Обсуждение: BUG #3724: Duplicate values added to table despite unique index

Поиск
Список
Период
Сортировка

BUG #3724: Duplicate values added to table despite unique index

От
"Mason Hale"
Дата:
The following bug has been logged online:

Bug reference:      3724
Logged by:          Mason Hale
Email address:      masonhale@gmail.com
PostgreSQL version: 8.2.5
Operating system:   Redhat Linux (kernel: Linux 2.6.18-8.1.15.el5PAE)
Description:        Duplicate values added to table despite unique index
Details:

I discovered this issue when an update statement was resulting in a
duplicate key violation error, even though the update did not change any of
the columns in the unique index (and neither did the one trigger on this
table).

Here is the table description:

prod_2=> \d topic_version_page
                  Table "bdu.topic_version_page"
       Column        |            Type             |   Modifiers
---------------------+-----------------------------+---------------
 topic_version_id    | integer                     | not null
 page_id             | integer                     | not null
 link_score          | double precision            |
 created_at          | timestamp without time zone | default now()
 updated_at          | timestamp without time zone | default now()
 is_entry_page       | boolean                     | default false
 linking_entry_count | integer                     | default 0
Indexes:
    "index_topic_version_page_on_topic_version_id_and_page_id" UNIQUE, btree
(topic_version_id, page_id)
    "index_topic_version_page_on_link_score" btree (link_score)
    "index_topic_version_page_on_topic_version_id_and_created_at" btree
(topic_version_id, created_at)
Foreign-key constraints:
    "topic_version_page_topic_version_id_fkey" FOREIGN KEY
(topic_version_id) REFERENCES topic_version(id) ON DELETE CASCADE
Triggers:
    topic_version_page_updated_at_trigger BEFORE UPDATE ON
topic_version_page FOR EACH ROW EXECUTE PROCEDURE
update_updated_at_timestamp()


Note that there is a unique index on (topic_version_id, page_id).

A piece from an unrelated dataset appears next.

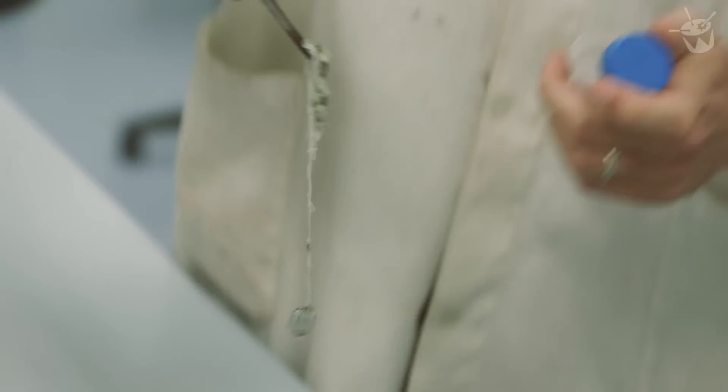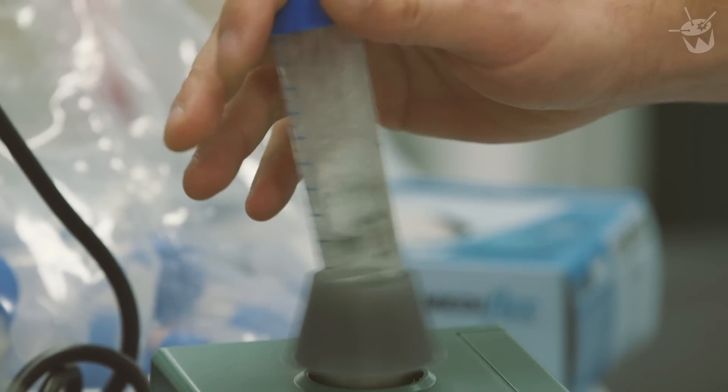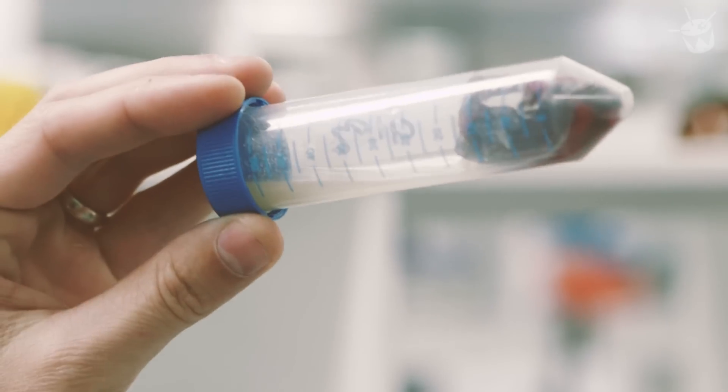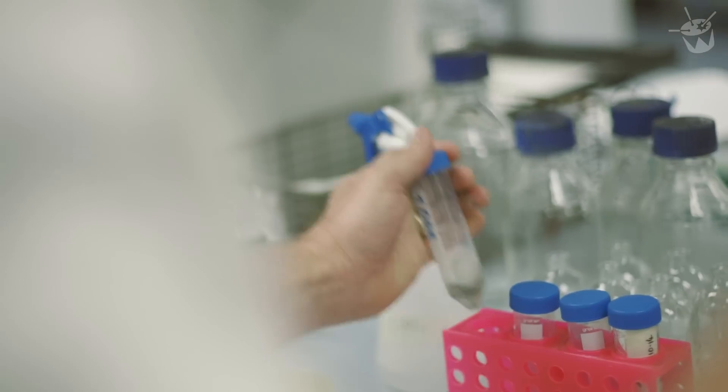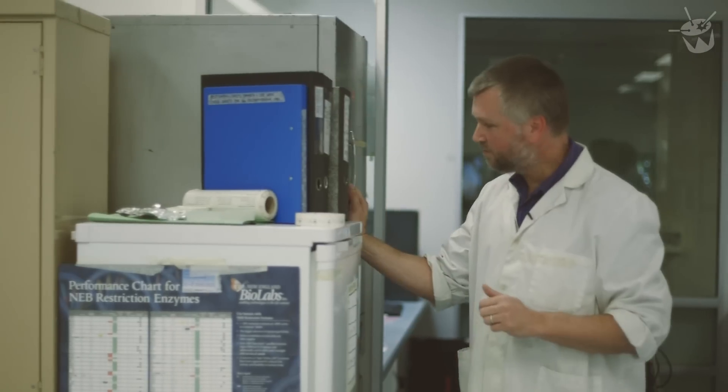So what we're going to do is take the wristband, put it into this diluent — it looks like the tail of a rat or something. We're going to vortex it, which is just shake it around a heap, and that will dislodge the bacteria from the wristband into the liquid. We'll then make some dilutions and plate them out onto these agar plates. These are now ready to go in the incubator, and we'll leave those to cook for a couple of days and see what grows.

Now look at the result of this query:

prod_2=> select page_id, count(*) from topic_version_page where
topic_version_id = 263 group by 1 having count(*) > 1;
  page_id  | count
-----------+-------
 161335682 |     2
 194359108 |     2
(2 rows)

Here we have two rows that violate the unique index constraint.

Looking at the rows in more detail:

prod_2=> select * from topic_version_page where topic_version_id = 263 and
page_id in (161335682, 194359108);
 topic_version_id |  page_id  | link_score |         created_at         |
     updated_at         | is_entry_page | linking_entry_count
------------------+-----------+------------+----------------------------+---
-------------------------+---------------+---------------------
              263 | 161335682 |          0 | 2007-10-13 02:40:49.864219 |
2007-11-01 15:58:57.268593 | f             |                   5
              263 | 194359108 |          0 | 2007-10-25 13:34:20.654336 |
2007-10-25 13:34:20.654336 | f             |                   1
              263 | 194359108 |          0 | 2007-10-25 13:34:20.654336 |
2007-11-04 13:08:03.011292 | f             |                   2
              263 | 161335682 |          0 | 2007-10-13 02:40:49.864219 |
2007-11-04 13:08:03.011292 | f             |                   6
(4 rows)

We can see that each duplicate within a pair was created at the same time
(or at least within the same transaction), but that each pair was created at
a different time.

My expectation is that with the unique index in place this should not be
able to happen.

Other info that may be useful:

This database was created by taking a dump from a 8.2.4 database on 11/3 and
restoring into a new 8.2.5 database (on different hardware). The created_at
timestamps seem to indicate that these duplicates were created prior to the
dump being created.

However running the same query on the original 8.2.4 database returns zero
rows:

prod_1=> select page_id, count(*) from topic_version_page where
topic_version_id = 263 group by 1 having count(*) > 1;
 page_id | count
---------+-------
(0 rows)

prod_1=>

Finally, I restored the *same* dump file in another 8.2.5 database instance
and that database does not have the duplicate rows either.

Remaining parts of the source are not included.